# The problem
Take the line that contains "Mufa adaptor PVC F.E. D110 x 4" as the first line and the final line of the records as the last; return exactly those lines and the lines between.

# Data supplied
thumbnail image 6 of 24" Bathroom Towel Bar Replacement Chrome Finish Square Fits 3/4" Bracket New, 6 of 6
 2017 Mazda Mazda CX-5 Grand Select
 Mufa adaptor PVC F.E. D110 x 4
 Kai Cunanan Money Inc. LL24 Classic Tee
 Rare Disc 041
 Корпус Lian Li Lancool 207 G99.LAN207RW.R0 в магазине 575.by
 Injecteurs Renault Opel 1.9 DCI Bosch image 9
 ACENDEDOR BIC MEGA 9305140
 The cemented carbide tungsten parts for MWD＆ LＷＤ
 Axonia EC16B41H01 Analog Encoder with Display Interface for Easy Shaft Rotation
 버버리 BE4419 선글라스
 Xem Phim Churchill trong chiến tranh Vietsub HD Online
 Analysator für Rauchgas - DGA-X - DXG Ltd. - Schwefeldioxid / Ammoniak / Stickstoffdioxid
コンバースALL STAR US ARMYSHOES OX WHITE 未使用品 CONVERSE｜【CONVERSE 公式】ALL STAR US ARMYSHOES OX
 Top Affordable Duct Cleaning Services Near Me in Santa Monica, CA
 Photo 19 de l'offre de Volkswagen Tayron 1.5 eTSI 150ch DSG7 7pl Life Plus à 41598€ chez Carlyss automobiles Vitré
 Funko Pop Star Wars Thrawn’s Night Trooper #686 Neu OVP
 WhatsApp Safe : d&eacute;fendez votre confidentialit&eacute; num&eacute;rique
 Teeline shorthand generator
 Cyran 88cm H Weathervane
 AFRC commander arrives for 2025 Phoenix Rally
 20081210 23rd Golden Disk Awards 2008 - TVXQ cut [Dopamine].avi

# Task response
 Mufa adaptor PVC F.E. D110 x 4
 Kai Cunanan Money Inc. LL24 Classic Tee
 Rare Disc 041
 Корпус Lian Li Lancool 207 G99.LAN207RW.R0 в магазине 575.by
 Injecteurs Renault Opel 1.9 DCI Bosch image 9
 ACENDEDOR BIC MEGA 9305140
 The cemented carbide tungsten parts for MWD＆ LＷＤ
 Axonia EC16B41H01 Analog Encoder with Display Interface for Easy Shaft Rotation
 버버리 BE4419 선글라스
 Xem Phim Churchill trong chiến tranh Vietsub HD Online
 Analysator für Rauchgas - DGA-X - DXG Ltd. - Schwefeldioxid / Ammoniak / Stickstoffdioxid
コンバースALL STAR US ARMYSHOES OX WHITE 未使用品 CONVERSE｜【CONVERSE 公式】ALL STAR US ARMYSHOES OX
 Top Affordable Duct Cleaning Services Near Me in Santa Monica, CA
 Photo 19 de l'offre de Volkswagen Tayron 1.5 eTSI 150ch DSG7 7pl Life Plus à 41598€ chez Carlyss automobiles Vitré
 Funko Pop Star Wars Thrawn’s Night Trooper #686 Neu OVP
 WhatsApp Safe : d&eacute;fendez votre confidentialit&eacute; num&eacute;rique
 Teeline shorthand generator
 Cyran 88cm H Weathervane
 AFRC commander arrives for 2025 Phoenix Rally
 20081210 23rd Golden Disk Awards 2008 - TVXQ cut [Dopamine].avi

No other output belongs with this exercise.